De ferias

Publicado en por Tlacuilo

En el principio fue el cruce de caminos, la pausa y el refugio indispensable para los arrieros y otros viajantes de la minería, necesitados de un espacio seguro donde pudieran descansar y aprovisionarse, entre los minerales y fundiciones de Santa Fe de Guanajuato, Comanja y Zacatecas.

Trescientos años después de la fundación formal –que los caminos y espacios de vida, antes que fundados son surcados y vividos-, el ciudadano editor Manuel García Moyeda gestionó y obtuvo de la presidencia de la República la aprobación para que su ciudad, ya entonces denominada León, conmemorara su nacimiento formalmente cada 20 de enero. Aquel festejo de 1876 consta en un grabado del ilustre José Guadalupe Posada, quien vivió entre nosotros de 1871 a 1888, cuando la gran inundación le obligó a emigrar a la ciudad de México, donde trazaría sus inmortales calaveras e ilustraría corridos y leyendas populares.

Cuatrocientos años luego, ya teníamos ferias con espectáculos de mujeres araña alegando haber quedado así como castigo de la vida por desobedecer a sus padres. Ferias donde era infaltable el museo de terror, con sus monstruos envasados en formol, con dos cabezas o tres pies o cara de chivo, hijos de la talidomida, de la píldora en sus primeras épocas, de las contaminaciones por plomo o arsénico en el agua de beber, de las industrias tóxicas pero soslayadas, cazados por el dueño de la carpa en cualquiera de los pueblos por donde viajaba el espectáculo a lo largo del año y la vida.

Ferias donde costaba unos pesos conocer en el serpentario a la terrible víbora chirrionera que por las noches usaba su cola como mamila para acallar el llanto de los niños, mientras succionaba la leche del pecho materno. La ola, las sillas voladoras, la rueda de la fortuna, los algodones de azúcar entonces inmunes a la tierra del piso, acompañaban en estas ferias a las primeras veces que algún comerciante con productos árabes, o chinos, o de otro tipo, llegaron a esos laberintos en que el visitante se ve obligado a recorrer tenderetes y más tenderetes de venta.

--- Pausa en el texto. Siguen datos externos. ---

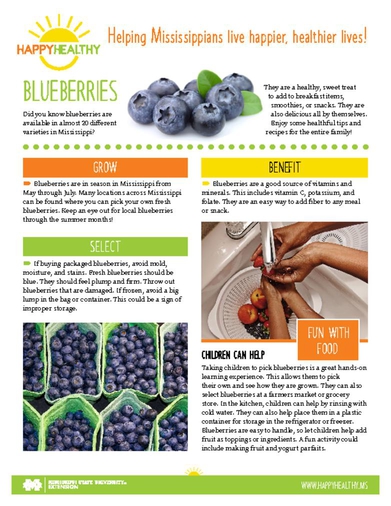 Download HappyHealthy Blueberries Newsletter (P3522)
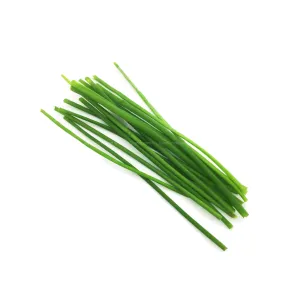 Cameron Garden Chive (Malaysia) 10g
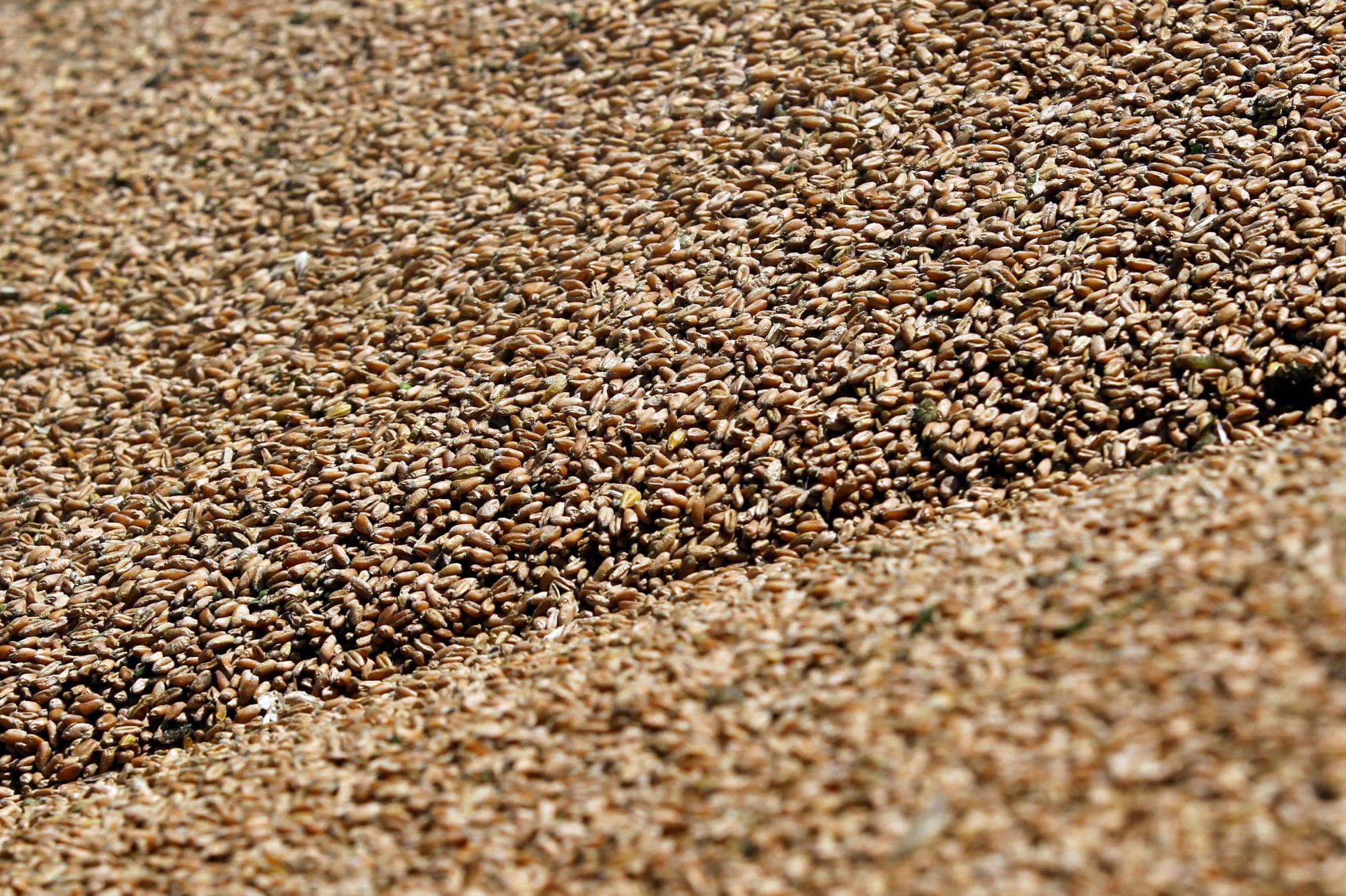 Russia’s invasion of Ukraine could devastate global grain markets so deeply that it’s likely to be the biggest supply shock in living memory. | REUTERS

Ferias que incluían, para disfrute popular y ganancia de un primer personaje Canchola, la terraza Corona, arropada por la tiniebla de sus paredes de lámina, tarimas de madera sobre el piso de tierra, techo de lona, sillas y mesas metálicas, como manifestación del antro proleta –al que luego sería robado el nombre para denominar así a cualquier emborrachadero nice-.

P. S. Ilustres, ilustres, sí que los hay. Salvo la repugnancia que provocan al explotar como materia pública las peores intimidades del ámbito artístico –por lo demás, plenamente complacido éste al mostrar en público sus intimidades rotas-, no tengo nada contra el periodismo farandulero. Pero de eso a las condiciones de leoneses ilustres, sería útil conocer in memoriam a gente como Wigberto Jiménez Moreno, Jesús Rodríguez Frausto, Carlos González Obregón y Armando López Martín del Campo, o a vivos y en plena producción como Daniel y Zacarías Malacara Hernández, Christian Jean, José Luis Palacios Blanco, Juan Aguilera Azpeitia, Alfonso Sánchez López, Rita Berriel y hasta jóvenes como el músico Edgar Barroso. Es cuestión de investigar y de afinar el término ilustre.

P. S. 2. Haití sólo era el nombre de mi calle de infancia en una colonia Chapalita que, si se aplica, pronto será famosa por la acción socialmente quirúrgica de los carros antimotines, para resolver con cañones de agua una dinámica social que para quien corresponda ha sido de imposible comprensión y, por lo tanto, solución. Hoy Haití es una llaga viva, un motivo para rememorar que en 1985, ante el abandono gubernamental, la ciudanía de nuestro DF debió tomar en sus manos la recuperación y sepultura de sus muertos. Como podamos, ayudemos. 

Publicado el 20 de enero de 2010 en El Heraldo de León.